◆ Exercise goal
Please take the records that follow and repeat exactly the lines starting with the line with "Saroj Sangeeta Tissue Swarovski Vol 3 Saree" and going on through the line with "Floral Maxi Dress".

== Data to process ==

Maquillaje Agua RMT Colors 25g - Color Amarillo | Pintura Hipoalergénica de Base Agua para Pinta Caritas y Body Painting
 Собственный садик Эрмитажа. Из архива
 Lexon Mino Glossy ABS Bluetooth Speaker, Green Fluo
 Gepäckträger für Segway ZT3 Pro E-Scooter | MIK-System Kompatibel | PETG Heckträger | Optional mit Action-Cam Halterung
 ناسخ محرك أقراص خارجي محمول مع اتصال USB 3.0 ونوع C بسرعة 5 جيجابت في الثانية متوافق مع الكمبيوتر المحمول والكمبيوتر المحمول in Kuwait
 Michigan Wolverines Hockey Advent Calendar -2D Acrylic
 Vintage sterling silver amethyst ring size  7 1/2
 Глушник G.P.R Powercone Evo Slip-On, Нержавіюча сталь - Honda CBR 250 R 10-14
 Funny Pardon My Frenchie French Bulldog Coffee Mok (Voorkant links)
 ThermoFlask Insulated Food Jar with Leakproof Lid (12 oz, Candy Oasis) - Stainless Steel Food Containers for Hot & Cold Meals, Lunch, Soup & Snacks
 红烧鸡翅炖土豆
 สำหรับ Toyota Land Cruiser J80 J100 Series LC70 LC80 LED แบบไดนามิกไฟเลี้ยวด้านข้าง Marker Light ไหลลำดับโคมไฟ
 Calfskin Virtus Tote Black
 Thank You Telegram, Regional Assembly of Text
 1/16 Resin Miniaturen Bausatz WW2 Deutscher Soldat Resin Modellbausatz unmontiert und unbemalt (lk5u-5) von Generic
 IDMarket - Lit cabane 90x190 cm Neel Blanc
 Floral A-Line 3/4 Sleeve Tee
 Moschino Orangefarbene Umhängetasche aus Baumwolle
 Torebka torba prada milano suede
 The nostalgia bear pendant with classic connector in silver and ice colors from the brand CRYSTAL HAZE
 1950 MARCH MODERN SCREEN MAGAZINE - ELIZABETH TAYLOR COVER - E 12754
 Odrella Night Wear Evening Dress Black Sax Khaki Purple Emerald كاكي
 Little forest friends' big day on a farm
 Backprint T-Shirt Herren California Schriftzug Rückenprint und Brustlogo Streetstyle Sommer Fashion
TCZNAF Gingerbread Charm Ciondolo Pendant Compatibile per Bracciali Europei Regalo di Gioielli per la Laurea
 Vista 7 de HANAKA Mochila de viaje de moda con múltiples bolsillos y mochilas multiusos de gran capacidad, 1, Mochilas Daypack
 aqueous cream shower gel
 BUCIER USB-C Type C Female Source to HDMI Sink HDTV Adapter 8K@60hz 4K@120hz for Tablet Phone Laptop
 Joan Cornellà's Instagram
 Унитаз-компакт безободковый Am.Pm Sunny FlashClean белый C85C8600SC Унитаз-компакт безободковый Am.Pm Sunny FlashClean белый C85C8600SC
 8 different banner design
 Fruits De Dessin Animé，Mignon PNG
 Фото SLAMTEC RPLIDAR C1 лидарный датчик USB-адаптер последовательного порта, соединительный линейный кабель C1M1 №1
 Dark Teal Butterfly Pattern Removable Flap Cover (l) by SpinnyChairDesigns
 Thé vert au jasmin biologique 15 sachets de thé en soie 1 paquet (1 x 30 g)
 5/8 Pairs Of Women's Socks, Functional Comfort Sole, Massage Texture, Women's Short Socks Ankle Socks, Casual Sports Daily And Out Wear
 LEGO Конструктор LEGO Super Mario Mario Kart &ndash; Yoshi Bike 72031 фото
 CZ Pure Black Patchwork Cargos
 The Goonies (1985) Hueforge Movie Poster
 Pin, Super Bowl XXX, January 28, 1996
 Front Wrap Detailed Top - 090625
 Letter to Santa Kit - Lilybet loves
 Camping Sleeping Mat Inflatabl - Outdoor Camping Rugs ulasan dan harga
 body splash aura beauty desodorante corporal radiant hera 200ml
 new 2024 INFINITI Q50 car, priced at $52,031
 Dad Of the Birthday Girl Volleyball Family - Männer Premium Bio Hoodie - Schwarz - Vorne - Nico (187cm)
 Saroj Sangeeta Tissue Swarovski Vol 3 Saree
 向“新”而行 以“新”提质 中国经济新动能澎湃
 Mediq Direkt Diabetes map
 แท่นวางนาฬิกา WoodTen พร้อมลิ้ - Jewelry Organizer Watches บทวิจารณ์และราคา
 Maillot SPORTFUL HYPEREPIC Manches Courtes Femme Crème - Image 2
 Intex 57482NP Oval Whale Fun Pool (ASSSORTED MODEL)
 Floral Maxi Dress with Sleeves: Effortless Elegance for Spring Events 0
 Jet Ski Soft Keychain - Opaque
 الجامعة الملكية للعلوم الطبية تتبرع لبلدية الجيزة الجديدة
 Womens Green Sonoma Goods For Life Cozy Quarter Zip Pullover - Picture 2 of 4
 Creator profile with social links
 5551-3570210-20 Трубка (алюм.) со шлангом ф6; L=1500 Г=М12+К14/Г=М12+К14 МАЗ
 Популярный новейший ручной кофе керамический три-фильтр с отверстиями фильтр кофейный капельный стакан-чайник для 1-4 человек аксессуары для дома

===

◆ Solution
 Saroj Sangeeta Tissue Swarovski Vol 3 Saree
 向“新”而行 以“新”提质 中国经济新动能澎湃
 Mediq Direkt Diabetes map
 แท่นวางนาฬิกา WoodTen พร้อมลิ้ - Jewelry Organizer Watches บทวิจารณ์และราคา
 Maillot SPORTFUL HYPEREPIC Manches Courtes Femme Crème - Image 2
 Intex 57482NP Oval Whale Fun Pool (ASSSORTED MODEL)
 Floral Maxi Dress with Sleeves: Effortless Elegance for Spring Events 0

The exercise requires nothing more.